Senate Finance Committee Ranking Member Ron Wyden (D-OR) introduced two bills aimed at overhauling the taxation of partnerships this week, reviving a longstanding effort with major implications for commercial real estate.
Why It Matters
- The PARTNERSHIPS Act and the Basis Shifting is a Rip Off Act mark a renewed attempt by Democrats to clamp down on what Sen. Wyden calls “a preferred tax avoidance strategy for wealthy investors and mega-corporations.” (Sen. Wyden Draft Proposal and Summary)
- Although the legislation faces little chance of advancing this Congress, it signals Democratic priorities for any future tax package, particularly if control of Congress shifts after the 2026 elections.
- According to Sen. Wyden’s press release, partnerships are “a preferred tax avoidance strategy for wealthy investors and mega-corporations.” He continues, “you can bet we’ll have this on the shelf when it comes time for Democrats to pass an agenda that cleans up the harm Trump is doing to American families.” (Sen. Wyden Press Release, June 17)
- The PARTNERSHIPS Act is an updated version of Sen. Wyden’s 2021 partnership reform discussion draft. While he has not shared the JCT revenue table, his press release states that the proposals would raise $727 billion over 10 years.
- The legislation would make fundamental changes to how debt, gains, and deductions are allocated among partners—departing from established practices that reflect real estate economics and contractual obligations.
Bill’s Key Provisions
- Partnership debt: The PARTNERSHIPS Act would rewrite Section 752 rules to require all partnership debt be allocated according to profit shares, disregarding real estate partners’ actual economic risk, contractual guarantees, and repayment obligations. This could significantly alter basis allocation and impact deductions, losses, and gains—though a six-year transition period would apply.

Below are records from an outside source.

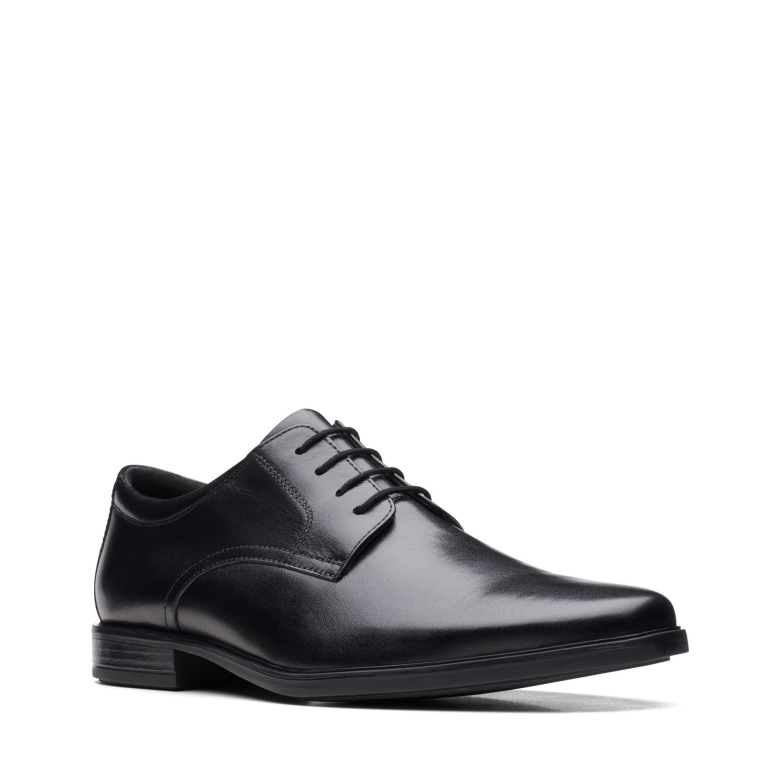 Howard Walk Clarks Schwarzes Leder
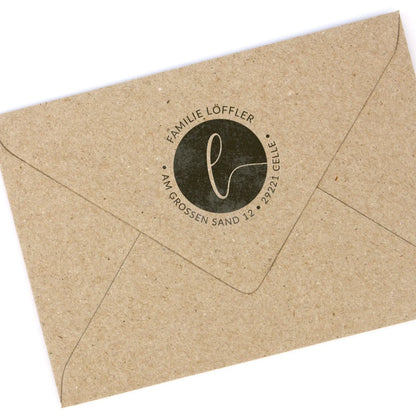 Personalisierter Adressstempel "Celle" - IN LOVE WITH PAPER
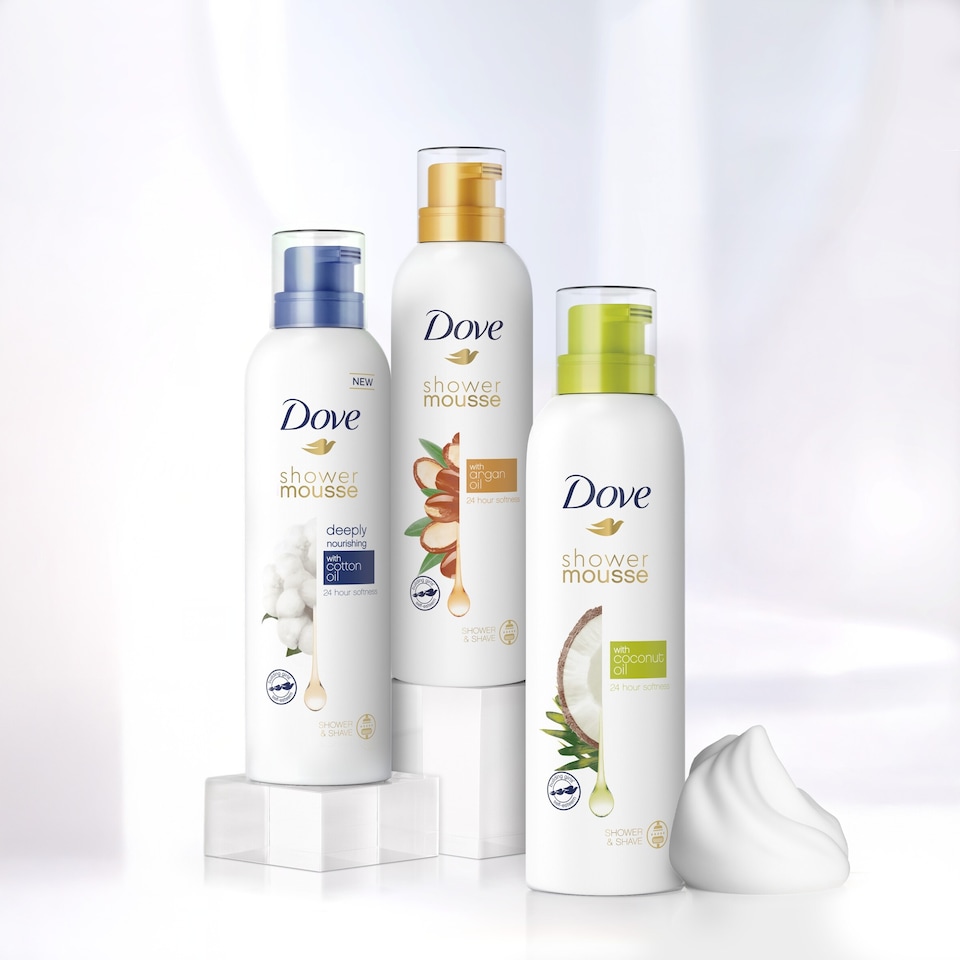 image 1 of Dove Shower Mousse Coconut Oil 200Ml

- Allocation of partnership items: One of the major reforms proposed in the prior discussion draft was eliminating the “substantial economic effect (SEE)” safe harbor for allocating partnership items among the partners. The PARTNERSHIPS Act preserves the SEE rules while creating a specific rule for certain related-party partnerships. Under the Act, these partnerships would be required to allocate items consistent with contributed capital.
- Allocation of built-in gains with respect to contributed property: The bill would eliminate two of the three options available to partnerships for allocating built-in gain among the partners when property is contributed to a partnership.
- Net investment income tax: Mirroring the Biden budget, the bill would expand the 3.8% net investment income tax to include active pass-through business income not currently covered.
Roundtable Advocacy

- RER has consistently advocated for fair treatment of partnerships—emphasizing their vital role in driving investment, job creation, and entrepreneurial risk-taking. As nearly half of all U.S. partnerships are in real estate, RER continues to urge Congress to strengthen, not undermine, the long-standing tax rules that support pass-through businesses and economic development.
- RER, along with 23 national real estate organizations, previously led a comment letter on Sen. Wyden’s proposal in 2021, and will continue to advocate against provisions that mischaracterize partnerships as “tax scams.” (Letter, Sept. 2021 | RW, Sept. 2021)
- Earlier this year, RER commissioned a comprehensive study by professors at Syracuse University and USC to analyze and address the important role of partnerships in the U.S. economy.
RER’s Tax Policy Advisory Committee (TPAC) is reviewing how this research can further counter misleading narratives as tax policy discussions evolve.